Risotto recipes usually call for grated Parmigiano-Reggiano, but it’s fun to use an aged Maine-made cheese instead. Try Hahn’s End’s Ragged Island, made from cow’s milk, for instance, or York Hill’s Capriano goat cheese, aged anywhere from 5 months to a year.
For 6 servings
6 cups chicken (preferred) or vegetable stock
2 tablespoons butter
2 tablespoons extra-virgin olive oil
2 medium yellow onions, halved and
very thinly sliced
2 cups Arborio, Carnaroli, Vialone Nano,
or similar short-grain rice
¾ cup dry white wine
1 ½ pounds trimmed asparagus*
Sea salt and freshly ground black pepper
Grated zest and juice of half an organic lemon
½ cup ricotta cheese
2 or 3 tablespoons finely minced chives or flat-leaf parsley
¾ cup freshly grated aged cheese
1 Heat the stock to a bare simmer and keep it simmering gently while you make the risotto.
2 In a heavy kettle or saucepan large enough to hold all of the rice when cooked, melt the butter in the oil and add the sliced onions. Sauté them gently over medium-low heat until they are thoroughly softened but not browned, about 15 minutes. Add the rice and stir well with a wooden spoon, until coated with oil. Cook the rice for about 5 minutes or until it appears translucent. Raise the heat slightly and add the wine. Cook, stirring gently—just a couple of strokes—until the wine has evaporated or been absorbed by the rice.
3 While the rice is cooking, snap off the extreme tips, the blossom ends, of the asparagus and set aside. Cut or snap the tender stalks into one-inch pieces. When the wine has been fully absorbed, add the asparagus pieces, minus the tips, and stir into the rice. Add a ladle or two of simmering stock, along with a small pinch of salt, and stir. (Keep in mind the saltiness of your stock and also the fact that the cheese added at the end will add salt to the dish.)
4 When the rice has absorbed the liquid, add more, along with the grated zest and juice of the lemon. Continue adding simmering liquid, ladle by ladle,
stirring as you add. There should always be liquid visible in the pan but it shouldn’t be soupy. Do not add all the liquid at once; this will produce boiled rice instead of risotto. After about 10 minutes, stir in the reserved tips of the asparagus, and continue adding the liquid.
5 The rice will be done when it’s soft but with a bit of bite in the center—what Italians call al dente. Each grain should be well coated with the asparagus sauce, which should be dense and almost syrupy. The risotto should be thick enough to eat with a fork and not soupy. (You may not need to use all the stock.) Total cooking time varies from 20 to 30 minutes, depending on the degree of doneness that you’re looking for.
6 While the rice is cooking, combine the ricotta and chives or parsley (or both) and beat with a small wire whisk or a fork until thoroughly incorporated.

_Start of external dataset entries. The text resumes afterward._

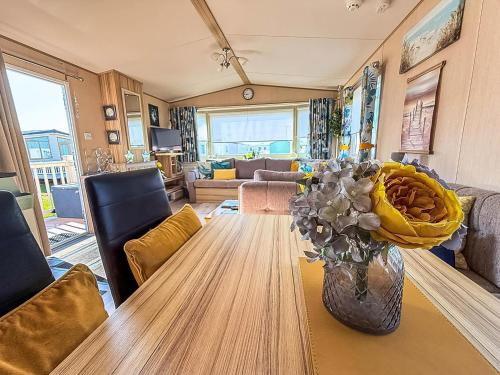 a living room with a table with a vase of flowers at Lovely 6 Berth Caravan With Decking To The Side In Heacham Ref 21040E in Heacham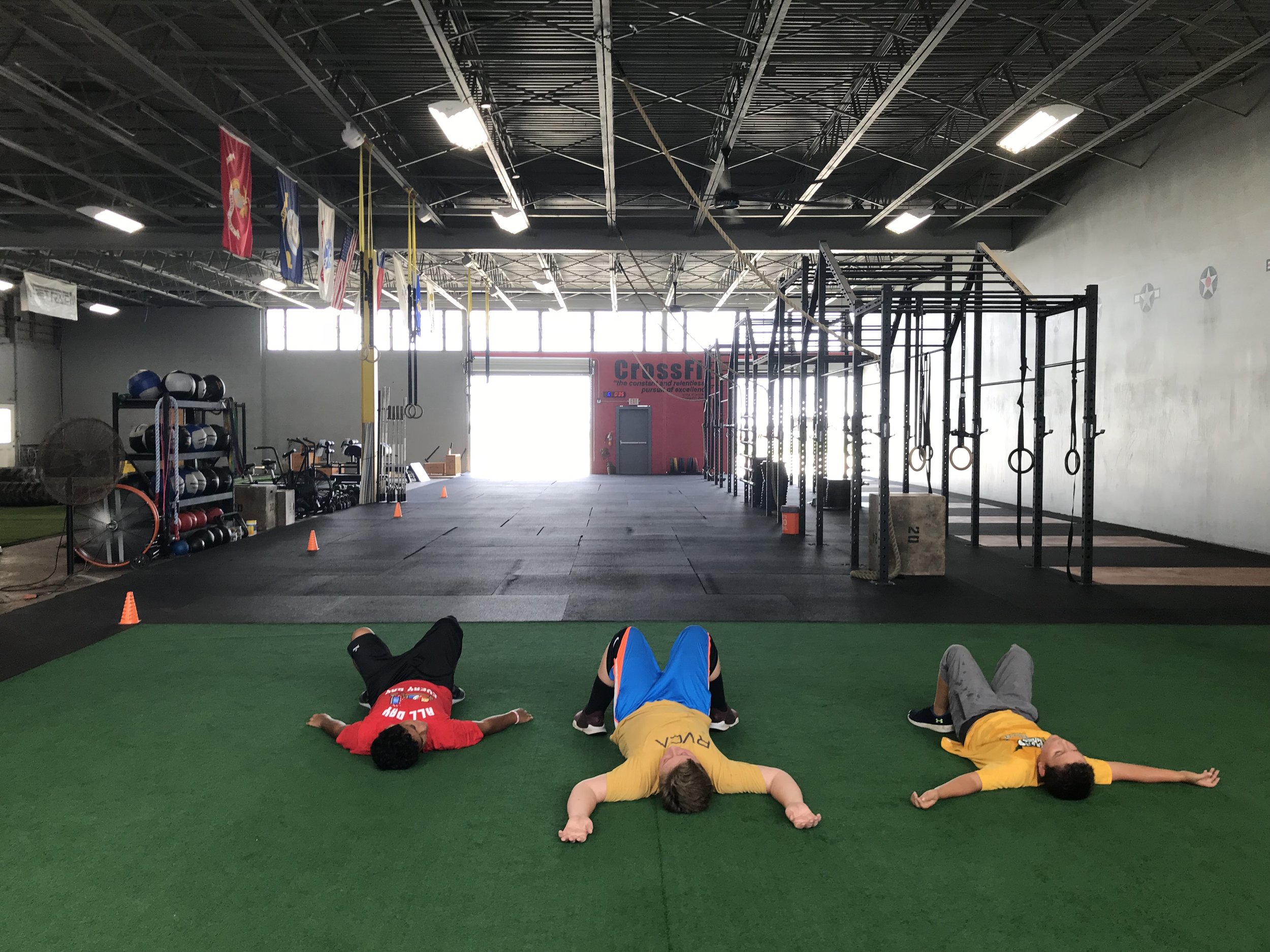 CrossFit Kids relaxing after a good workout!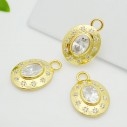 Ciondolo medaglietta in ottone oro con zircone centrale 12.5x18mm 1pz Gioie d'Oriente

7 When the rice is done, remove the pan from the heat and immediately stir in the ricotta-parsley mixture along with 1/4 cup of grated cheese. Add a few grinds of pepper, cover the pan, and let it sit for 5 minutes to settle the flavors. Taste before serving and add more salt if you wish. Serve immediately, passing the rest of the grated cheese at the table.
* Want to be sure you’re using Maine asparagus and not something grown in Mexico? Look on Mainelocavore.org for a growing number of farms that can supply vegetables, especially asparagus. Or check with your farmers market: Often even if farmers don’t grow asparagus themselves, they will know someone who does.